▶ [EXERCISE REQUIREMENTS]
Copy out exactly the lines below that run from the one holding "Maison à CABANNES" to the one holding "AV-1796d – image 3", keeping both of those lines and no others.

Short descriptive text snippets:
--- START ---

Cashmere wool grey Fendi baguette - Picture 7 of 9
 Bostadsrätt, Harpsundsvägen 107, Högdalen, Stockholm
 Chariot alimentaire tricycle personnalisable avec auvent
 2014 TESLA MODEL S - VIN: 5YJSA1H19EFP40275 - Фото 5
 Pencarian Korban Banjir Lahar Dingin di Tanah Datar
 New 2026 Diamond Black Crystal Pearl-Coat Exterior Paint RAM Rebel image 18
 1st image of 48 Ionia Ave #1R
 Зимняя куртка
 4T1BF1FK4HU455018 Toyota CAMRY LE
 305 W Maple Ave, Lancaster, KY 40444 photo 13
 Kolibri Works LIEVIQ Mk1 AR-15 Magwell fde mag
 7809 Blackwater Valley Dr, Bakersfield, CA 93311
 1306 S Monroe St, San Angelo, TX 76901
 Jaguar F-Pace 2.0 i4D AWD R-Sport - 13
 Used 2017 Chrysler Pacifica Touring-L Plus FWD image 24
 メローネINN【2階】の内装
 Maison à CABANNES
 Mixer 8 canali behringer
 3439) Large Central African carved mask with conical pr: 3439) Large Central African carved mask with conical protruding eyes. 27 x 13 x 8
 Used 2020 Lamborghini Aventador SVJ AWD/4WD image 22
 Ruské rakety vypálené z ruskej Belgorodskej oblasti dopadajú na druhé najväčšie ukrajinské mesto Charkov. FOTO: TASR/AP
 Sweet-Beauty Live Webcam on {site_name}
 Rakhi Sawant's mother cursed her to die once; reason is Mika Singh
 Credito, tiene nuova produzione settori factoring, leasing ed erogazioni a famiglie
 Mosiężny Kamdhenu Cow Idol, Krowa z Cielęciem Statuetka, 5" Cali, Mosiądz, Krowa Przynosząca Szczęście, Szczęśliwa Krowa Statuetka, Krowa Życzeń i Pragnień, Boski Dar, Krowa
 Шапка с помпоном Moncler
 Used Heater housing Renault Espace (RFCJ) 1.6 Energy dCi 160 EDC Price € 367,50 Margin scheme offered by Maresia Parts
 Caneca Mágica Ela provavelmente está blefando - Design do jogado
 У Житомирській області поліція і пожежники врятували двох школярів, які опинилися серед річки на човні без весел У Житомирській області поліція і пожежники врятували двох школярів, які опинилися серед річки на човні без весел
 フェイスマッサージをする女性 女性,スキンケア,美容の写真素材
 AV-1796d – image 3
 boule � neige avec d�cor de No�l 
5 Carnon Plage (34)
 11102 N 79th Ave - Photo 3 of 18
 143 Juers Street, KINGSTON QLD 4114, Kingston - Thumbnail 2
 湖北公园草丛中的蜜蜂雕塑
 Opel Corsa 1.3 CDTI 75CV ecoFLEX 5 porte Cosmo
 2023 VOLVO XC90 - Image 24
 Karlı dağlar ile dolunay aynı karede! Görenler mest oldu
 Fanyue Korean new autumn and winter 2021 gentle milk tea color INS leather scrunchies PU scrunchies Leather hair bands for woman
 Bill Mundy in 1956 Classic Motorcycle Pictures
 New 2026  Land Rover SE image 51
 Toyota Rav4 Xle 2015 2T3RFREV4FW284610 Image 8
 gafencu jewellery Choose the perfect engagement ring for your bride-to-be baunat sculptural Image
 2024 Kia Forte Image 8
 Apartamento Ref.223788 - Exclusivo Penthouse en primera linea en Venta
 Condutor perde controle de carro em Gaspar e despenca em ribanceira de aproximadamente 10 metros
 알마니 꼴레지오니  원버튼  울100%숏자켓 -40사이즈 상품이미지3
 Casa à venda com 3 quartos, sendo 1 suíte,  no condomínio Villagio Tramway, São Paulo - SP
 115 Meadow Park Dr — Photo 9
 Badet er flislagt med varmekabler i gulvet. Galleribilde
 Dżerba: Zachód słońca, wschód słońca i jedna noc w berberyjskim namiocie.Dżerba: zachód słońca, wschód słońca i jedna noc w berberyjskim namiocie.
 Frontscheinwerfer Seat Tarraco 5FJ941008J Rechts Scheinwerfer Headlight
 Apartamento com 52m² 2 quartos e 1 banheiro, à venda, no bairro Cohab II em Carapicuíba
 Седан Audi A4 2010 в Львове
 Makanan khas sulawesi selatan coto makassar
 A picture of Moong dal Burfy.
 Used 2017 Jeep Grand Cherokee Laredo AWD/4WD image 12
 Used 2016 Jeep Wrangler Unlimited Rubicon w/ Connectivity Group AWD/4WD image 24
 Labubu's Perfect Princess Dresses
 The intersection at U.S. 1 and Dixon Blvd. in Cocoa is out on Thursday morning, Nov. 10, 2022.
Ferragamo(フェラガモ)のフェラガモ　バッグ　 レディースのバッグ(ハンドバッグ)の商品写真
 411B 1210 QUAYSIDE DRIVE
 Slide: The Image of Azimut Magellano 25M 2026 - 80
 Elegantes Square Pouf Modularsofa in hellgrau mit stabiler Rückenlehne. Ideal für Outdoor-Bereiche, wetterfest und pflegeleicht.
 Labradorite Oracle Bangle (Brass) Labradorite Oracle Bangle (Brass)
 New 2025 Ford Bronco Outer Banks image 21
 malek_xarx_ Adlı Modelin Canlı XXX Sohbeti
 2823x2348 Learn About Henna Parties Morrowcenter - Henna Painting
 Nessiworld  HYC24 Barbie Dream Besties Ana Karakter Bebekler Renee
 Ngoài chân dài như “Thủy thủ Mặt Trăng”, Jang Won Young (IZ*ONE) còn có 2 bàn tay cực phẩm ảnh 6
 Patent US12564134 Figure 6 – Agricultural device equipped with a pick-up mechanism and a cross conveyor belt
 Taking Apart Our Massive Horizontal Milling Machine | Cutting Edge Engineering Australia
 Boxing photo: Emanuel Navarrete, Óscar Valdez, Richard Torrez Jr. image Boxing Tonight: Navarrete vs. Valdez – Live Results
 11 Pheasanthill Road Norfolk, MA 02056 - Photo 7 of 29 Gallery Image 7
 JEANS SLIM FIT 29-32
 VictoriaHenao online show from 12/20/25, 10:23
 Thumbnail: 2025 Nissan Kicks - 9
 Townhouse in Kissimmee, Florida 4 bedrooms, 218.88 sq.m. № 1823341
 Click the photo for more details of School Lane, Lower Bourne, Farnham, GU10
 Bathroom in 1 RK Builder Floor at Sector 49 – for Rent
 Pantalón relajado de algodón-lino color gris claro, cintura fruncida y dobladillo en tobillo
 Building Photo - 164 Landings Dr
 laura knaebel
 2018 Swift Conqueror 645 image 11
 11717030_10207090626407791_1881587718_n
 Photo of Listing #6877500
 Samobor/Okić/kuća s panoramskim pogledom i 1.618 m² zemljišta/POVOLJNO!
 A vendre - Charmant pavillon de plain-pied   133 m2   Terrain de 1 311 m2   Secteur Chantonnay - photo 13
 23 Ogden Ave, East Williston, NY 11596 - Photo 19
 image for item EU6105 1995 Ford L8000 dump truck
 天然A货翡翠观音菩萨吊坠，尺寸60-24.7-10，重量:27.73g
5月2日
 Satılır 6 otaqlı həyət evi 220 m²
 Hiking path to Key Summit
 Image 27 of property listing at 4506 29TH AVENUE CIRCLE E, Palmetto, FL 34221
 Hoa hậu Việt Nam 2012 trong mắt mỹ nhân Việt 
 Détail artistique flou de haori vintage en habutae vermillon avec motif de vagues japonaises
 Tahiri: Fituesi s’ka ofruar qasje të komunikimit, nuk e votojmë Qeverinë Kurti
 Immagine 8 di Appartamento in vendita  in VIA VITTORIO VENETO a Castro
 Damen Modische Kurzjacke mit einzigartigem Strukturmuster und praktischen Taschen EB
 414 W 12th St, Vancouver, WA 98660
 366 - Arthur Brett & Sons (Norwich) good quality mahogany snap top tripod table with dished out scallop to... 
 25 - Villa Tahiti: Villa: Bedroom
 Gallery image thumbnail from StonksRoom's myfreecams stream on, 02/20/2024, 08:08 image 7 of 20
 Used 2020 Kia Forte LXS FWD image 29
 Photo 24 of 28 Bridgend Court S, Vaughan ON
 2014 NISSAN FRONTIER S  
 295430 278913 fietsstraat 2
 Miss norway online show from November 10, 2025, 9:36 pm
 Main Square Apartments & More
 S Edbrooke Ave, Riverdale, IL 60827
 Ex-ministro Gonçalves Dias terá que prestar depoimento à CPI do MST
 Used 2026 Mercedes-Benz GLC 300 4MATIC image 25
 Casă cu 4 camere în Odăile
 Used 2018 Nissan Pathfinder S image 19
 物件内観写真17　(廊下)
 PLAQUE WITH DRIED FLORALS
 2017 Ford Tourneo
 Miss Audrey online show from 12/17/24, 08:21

--- END ---

▶ [TASK ANSWER]
 Maison à CABANNES
 Mixer 8 canali behringer
 3439) Large Central African carved mask with conical pr: 3439) Large Central African carved mask with conical protruding eyes. 27 x 13 x 8
 Used 2020 Lamborghini Aventador SVJ AWD/4WD image 22
 Ruské rakety vypálené z ruskej Belgorodskej oblasti dopadajú na druhé najväčšie ukrajinské mesto Charkov. FOTO: TASR/AP
 Sweet-Beauty Live Webcam on {site_name}
 Rakhi Sawant's mother cursed her to die once; reason is Mika Singh
 Credito, tiene nuova produzione settori factoring, leasing ed erogazioni a famiglie
 Mosiężny Kamdhenu Cow Idol, Krowa z Cielęciem Statuetka, 5" Cali, Mosiądz, Krowa Przynosząca Szczęście, Szczęśliwa Krowa Statuetka, Krowa Życzeń i Pragnień, Boski Dar, Krowa
 Шапка с помпоном Moncler
 Used Heater housing Renault Espace (RFCJ) 1.6 Energy dCi 160 EDC Price € 367,50 Margin scheme offered by Maresia Parts
 Caneca Mágica Ela provavelmente está blefando - Design do jogado
 У Житомирській області поліція і пожежники врятували двох школярів, які опинилися серед річки на човні без весел У Житомирській області поліція і пожежники врятували двох школярів, які опинилися серед річки на човні без весел
 フェイスマッサージをする女性 女性,スキンケア,美容の写真素材
 AV-1796d – image 3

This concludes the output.